## [WORK REQUIRED]
Below are entries with pictures in them. Output exactly the lines starting at the line with "Big League Chew" and ending at the line with "CCP Nonviolence Training", both included, but not the pictures.

## [RECORDS TO PROCESS]
----

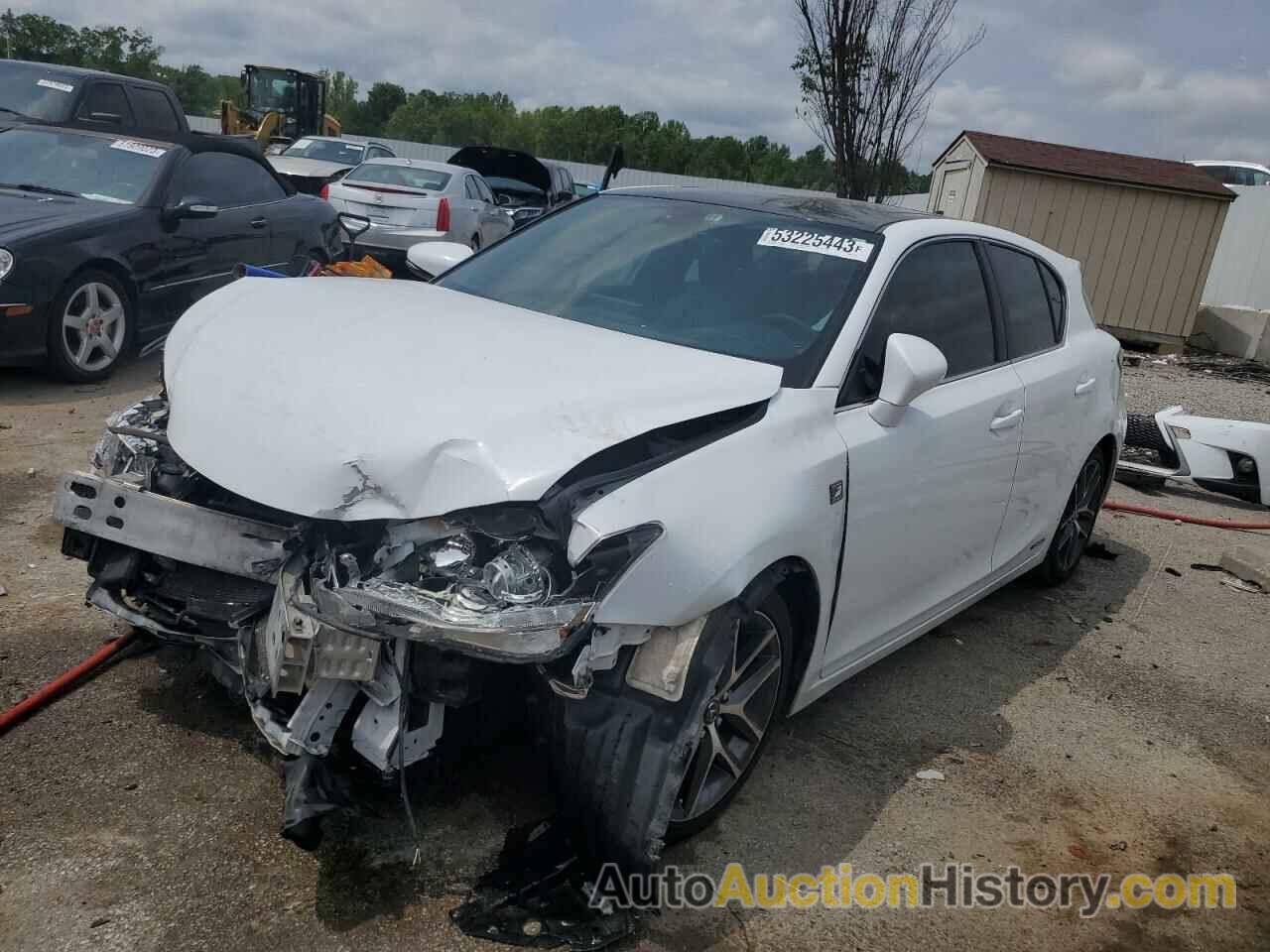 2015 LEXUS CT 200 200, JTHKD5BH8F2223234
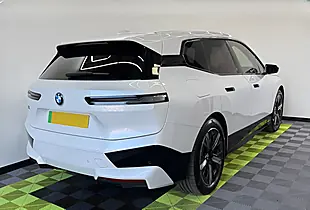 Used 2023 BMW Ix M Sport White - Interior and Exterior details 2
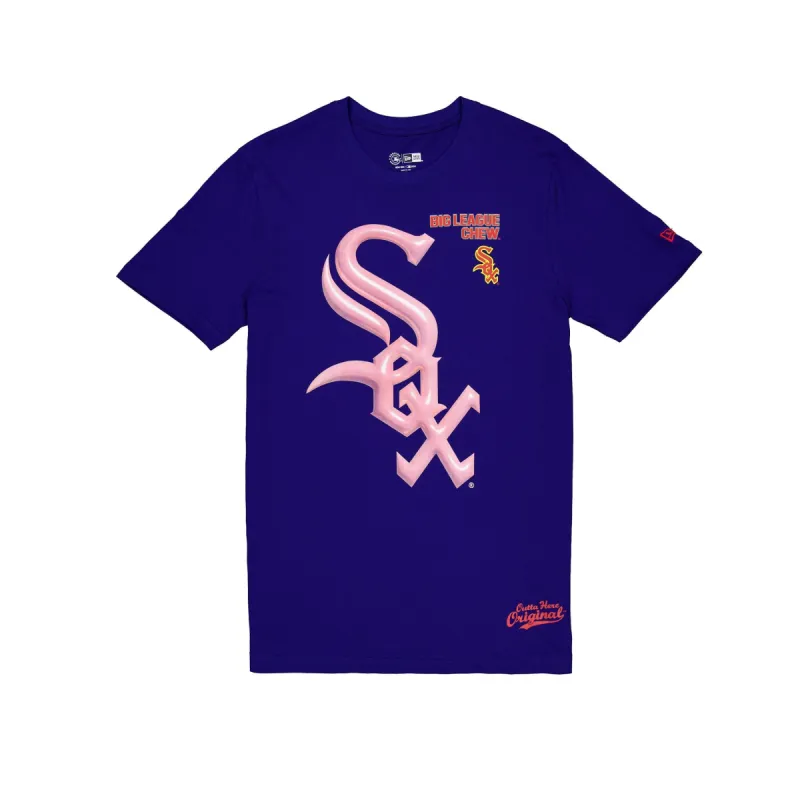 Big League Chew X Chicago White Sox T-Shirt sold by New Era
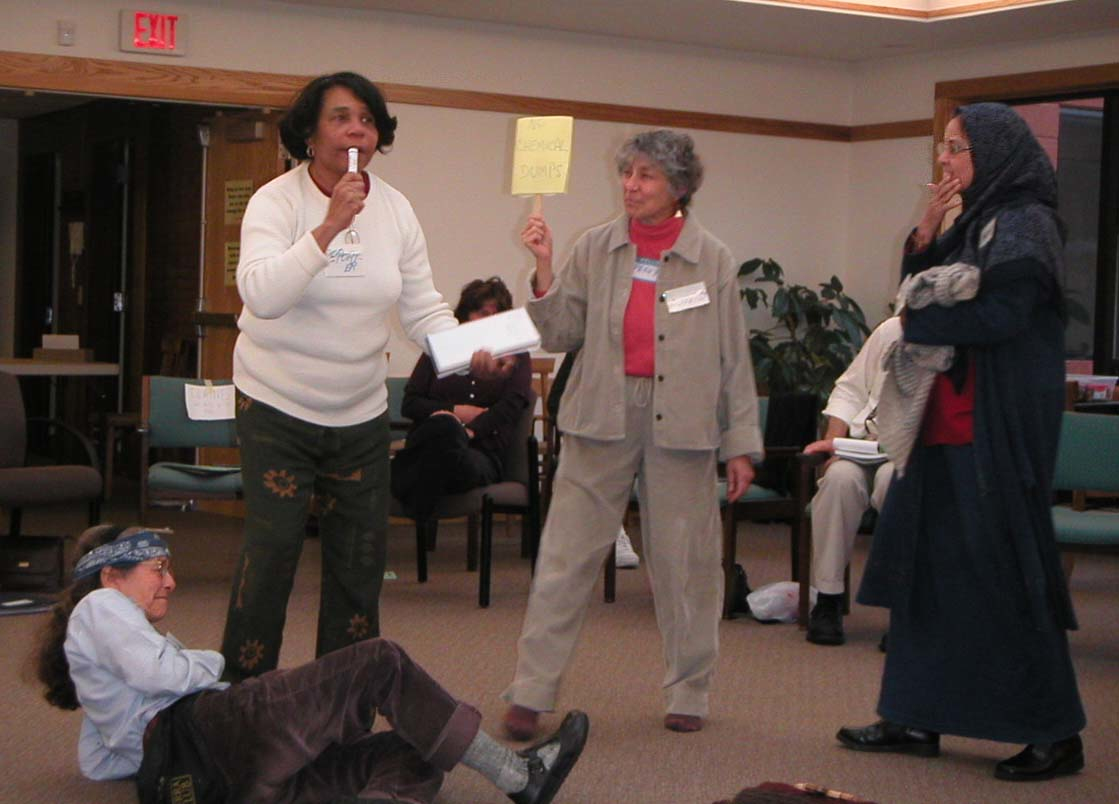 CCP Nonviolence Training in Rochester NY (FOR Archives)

----

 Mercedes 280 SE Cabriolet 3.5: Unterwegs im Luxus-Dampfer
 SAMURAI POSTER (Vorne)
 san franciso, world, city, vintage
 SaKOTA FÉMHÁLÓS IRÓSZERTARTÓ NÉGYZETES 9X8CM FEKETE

----

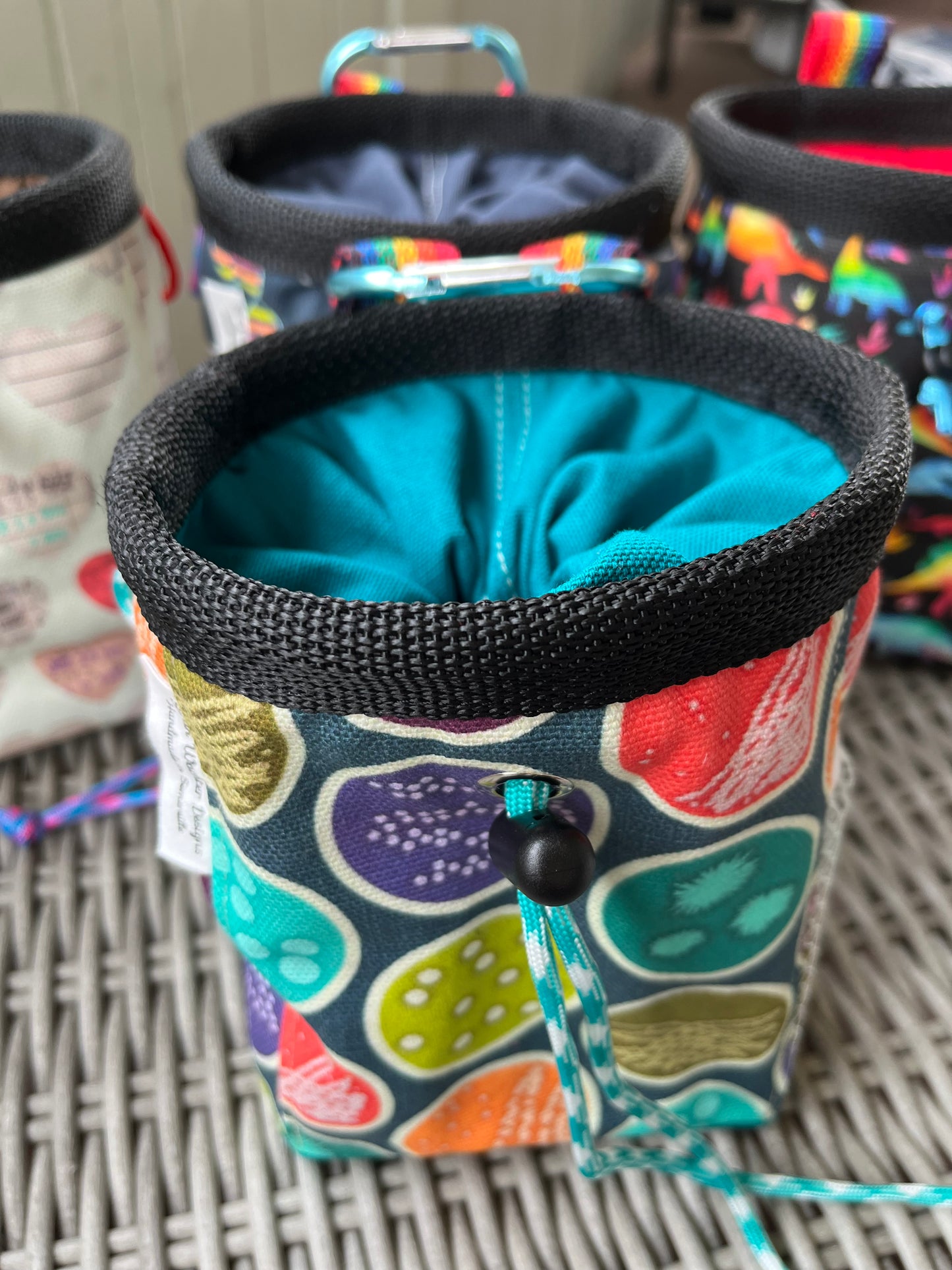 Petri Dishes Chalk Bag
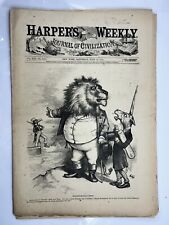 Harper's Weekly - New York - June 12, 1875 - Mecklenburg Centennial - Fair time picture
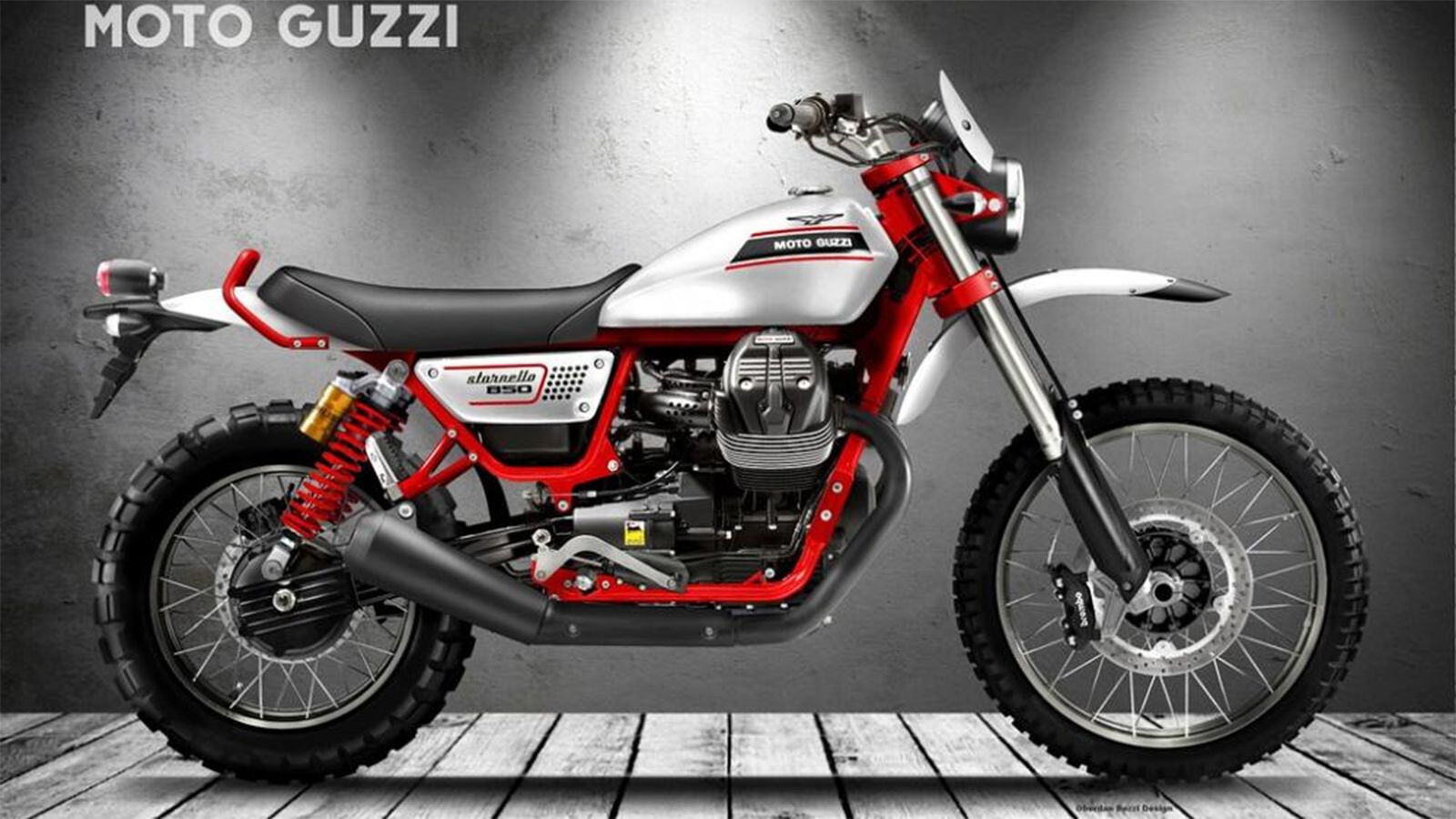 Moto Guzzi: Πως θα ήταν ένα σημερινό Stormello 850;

----

## [ANSWER FOR THE TASK]
 Big League Chew X Chicago White Sox T-Shirt sold by New Era
 CCP Nonviolence Training in Rochester NY (FOR Archives)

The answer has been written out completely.